And some spotlight titles:

Der Student von Prag (Arthur Robison, 1935) - for swo17
I don't know what I can say... I like the film, but I don't feel any particular passion for it. A young student (the great, great Anton Walbrook) falls in love with an opera singer. Convinced that it is class differences that keep them apart, he makes a metaphorical deal with the devil, in the form of the mysterious Dr. Carpis, for money and success. But unbeknownst to him, Capris is a former admirer of the singer as well and is determined to destroy him. Also unbeknownst to him, the deal may not be so metaphorical. In essence, the film is a mish-mash of Faust and Dorian Gray, placed within Vienna's belle époque. I confess ignorance of both Robison's directorial career and of the two prior versions of this story. I suspect both would give me more pleasure out of this film: the two earlier versions seem to lay the supernatural on more thickly, and I suspect recognizing the interplay between this film's more ambiguous approach with those of its predecessors is part of the fun. Likewise, the way Robison inserts his expressionist background into the more invisible, elegant style of the period might be worth singling out. As it is, the film is mainly attractive as a showcase for Walbrook, and he truly delivers. Namely, the frightening intensity of his scene with the dice, as well as the touching sorrow of his final scene with the mirror. It all shows what a wonderfully versatile actor he was, even as earlier scenes find him completely dashing and charming, a potential rival to Errol Flynn had he ever taken up the various offers given to him by Hollywood. Truly, like Cary Grant, a singular once in a lifetime actor. The rest is very well done, but doesn't quite rise up that standard. If I'm choosing one foreign-language Faustian horror film from the period of the Third Reich, I'm going with my boy Maurice Tourneur (and it's worth nothing that the initial set-up of this film also seems to be directly echoed in Edgar Neville's Tower of the Seven Hunchbacks, although both films go decidedly in different directions).

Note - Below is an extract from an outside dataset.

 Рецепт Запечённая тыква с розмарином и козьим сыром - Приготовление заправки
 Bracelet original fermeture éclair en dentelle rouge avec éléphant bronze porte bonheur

The Sorcerers (Michael Reeves, 1967) - for Dr. Amicus
Another films whose pleasures are so modest and stealthy, you can't quite place the moment it goes from being a passable programmer to something genuinely good. Boris Karloff is a disgraced hypnotist who has devised a new hypnotic breakthrough that gives him complete, remote control of another human being: choosing bored mod Ian Ogilvy as his mark. Not only does the breakthrough give him psychic power of suggestion over the man, he is also able to feel his sensations and see as he does. Together with his long suffering wife Catherine Lacey, they start to literally live vicariously through the young man. The premise is both incredibly silly and more attuned to sci-fi than horror. Nonetheless, the film touches on tropes that are quite common to the horror film - namely, the Invisible Man-esque horror of absolute freedom mixed with the horror of bodily possession. The Sorcerers approaches both these tropes from a new, novel direction, stacks one on top of the other, and comes up with a surprisingly original concoction in the process. It starts off rough, the editing and set-ups seemingly abrupt and amateurish, the swinging sixties style touching on the kitsch... but when the film gets going, you feel that Reeves was just trying to get the ridiculous set-up out of the way as quickly as possible. One of the film's pleasures is the way the narrative just snowballs forward with an increasing sense of abandon, so that the film slowly and surely sneaks up on you. Even then, you're bound to be blindsided by the ending: like Witchfinder General, it's both completely unexpected and terribly inevitable, a bleak and cruel "happy ending" that's anything but. I see some people find a metaphor for movies in the film's premise, and it's fun to play around with, even if I'm not wholly convinced. Both Karloff and Lacey use the "entertainment" of the young man as a way to escape their dreary existences. If following that line of thinking, it's interesting to note that the central conflict becomes one of two auteurs fighting over the "final cut" of their "movie". One want to use it simply for the thrill-and-kills sensations of exploitation cinema. The other tries to instill the "movie" with some moral purpose and, failing that, at least tries desperately to tack on a happy ending. I'm not part of the cult that sees Michael Reeves as the Jean Vigo of British Horror, but there's no denying he showed promise in a way few genre directors did at the time.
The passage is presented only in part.